### Outlier Detection methods in Machine Learning

• • 0

## Objective

• An outlier is an individual point of data that is distant from other points in the dataset.
• It is an anomaly in the dataset that may be caused by a range of errors in capturing, processing or manipulating data.
• Outliers in the data may cause problem during model fitting as it may inflate the error metrics which give higher weights to large errors (example, mean squared error, RMSE).

## Box Plots

• Box plots are a visual method to identify outliers. Box plots is one of the many ways to visualize data distribution.
• Box plot plots the q1 (25th percentile), q2 (50th percentile of median) and q3 (75th percentile) of the data along with (q1 – 1.5 * (q3 – q1)) and (q3 + 1.5 * (q3 – q1)).

## IQR method

• IQR stands for interquartile range, which is the difference between q3 (75th percentile) and q1 (25th percentile).
• IQR method is used by box plot to highlight outliers.

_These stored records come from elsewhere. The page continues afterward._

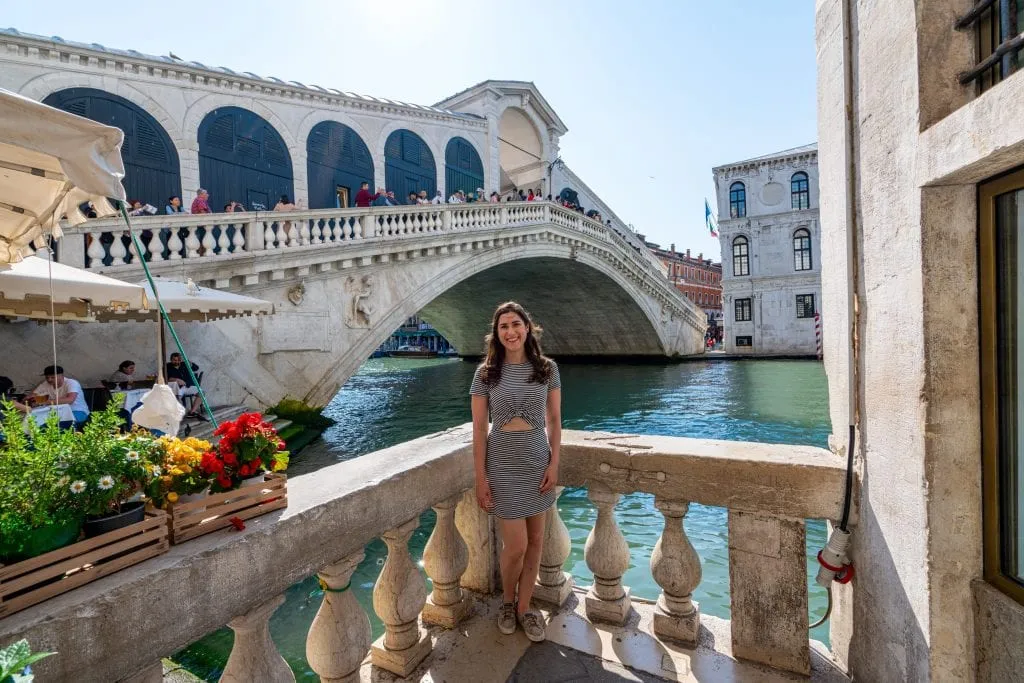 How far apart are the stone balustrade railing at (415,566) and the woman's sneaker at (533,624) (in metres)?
0.24

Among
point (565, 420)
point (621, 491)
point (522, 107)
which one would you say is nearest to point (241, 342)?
point (565, 420)

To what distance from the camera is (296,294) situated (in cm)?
951

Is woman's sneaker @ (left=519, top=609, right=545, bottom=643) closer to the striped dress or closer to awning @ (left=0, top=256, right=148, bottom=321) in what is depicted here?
the striped dress

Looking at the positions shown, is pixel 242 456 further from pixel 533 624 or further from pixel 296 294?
pixel 296 294

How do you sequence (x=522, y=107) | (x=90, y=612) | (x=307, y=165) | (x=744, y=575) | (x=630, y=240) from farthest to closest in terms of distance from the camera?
(x=630, y=240) → (x=522, y=107) → (x=307, y=165) → (x=744, y=575) → (x=90, y=612)

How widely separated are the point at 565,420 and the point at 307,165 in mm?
8867

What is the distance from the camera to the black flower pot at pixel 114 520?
44.8 inches

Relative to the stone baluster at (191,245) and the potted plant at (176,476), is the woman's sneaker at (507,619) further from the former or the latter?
the stone baluster at (191,245)

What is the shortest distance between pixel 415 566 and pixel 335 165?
44.7ft

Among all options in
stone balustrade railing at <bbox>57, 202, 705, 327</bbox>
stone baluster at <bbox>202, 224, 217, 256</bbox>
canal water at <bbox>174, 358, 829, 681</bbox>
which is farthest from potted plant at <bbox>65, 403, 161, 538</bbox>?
stone baluster at <bbox>202, 224, 217, 256</bbox>

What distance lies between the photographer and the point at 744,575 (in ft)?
6.38

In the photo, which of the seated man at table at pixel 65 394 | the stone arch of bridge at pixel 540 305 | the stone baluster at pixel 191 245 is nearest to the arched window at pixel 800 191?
the stone arch of bridge at pixel 540 305

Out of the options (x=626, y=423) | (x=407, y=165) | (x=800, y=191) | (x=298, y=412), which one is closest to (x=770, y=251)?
(x=800, y=191)

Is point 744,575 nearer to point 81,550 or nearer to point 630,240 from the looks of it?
point 81,550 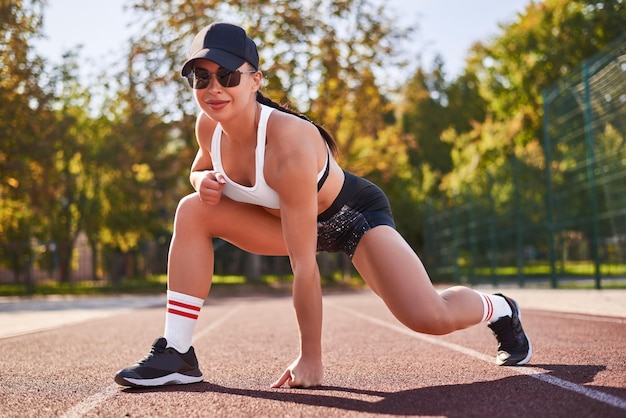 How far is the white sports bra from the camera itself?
4.10 m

The IQR method computes lower bound and upper bound to identify outliers.
• Lower Bound = q1 – 1.5 * IQR
• Upper Bound = q3 + 1.5 * IQR
• Any value below the lower bound and above the upper bound are considered to be outliers.

## Z-Score

• Z-Score (also called as standard score) assumes a Gaussian distribution of the data. The outliers are the data points that are in the tails of the distribution and therefore far from the mean.
• By applying Z-transformation we shift the distribution and make it 0 mean with unit standard deviation. For example, Z-Score of 2 would mean the data point in 2 standard deviations away from the mean.

## Isolation Forest

• Isolation Forest is the built based on ensemble method which identifies anomalies as the observations with short average path length on the isolation trees.
• Each isolation tree is created using the following steps:
1. Randomly sample N instances from your training dataset at each node.
2. Randomly choose a feature to split upon.
3. Randomly choose a split value from a uniform distribution spanning from the minimum value to the maximum value of the feature chosen in the Step 2.

Step 2 and 3 are repeated recursively until, in principal, all N instances from your sample are “isolated” in leaf nodes of your isolation tree-one training instance per leaf node.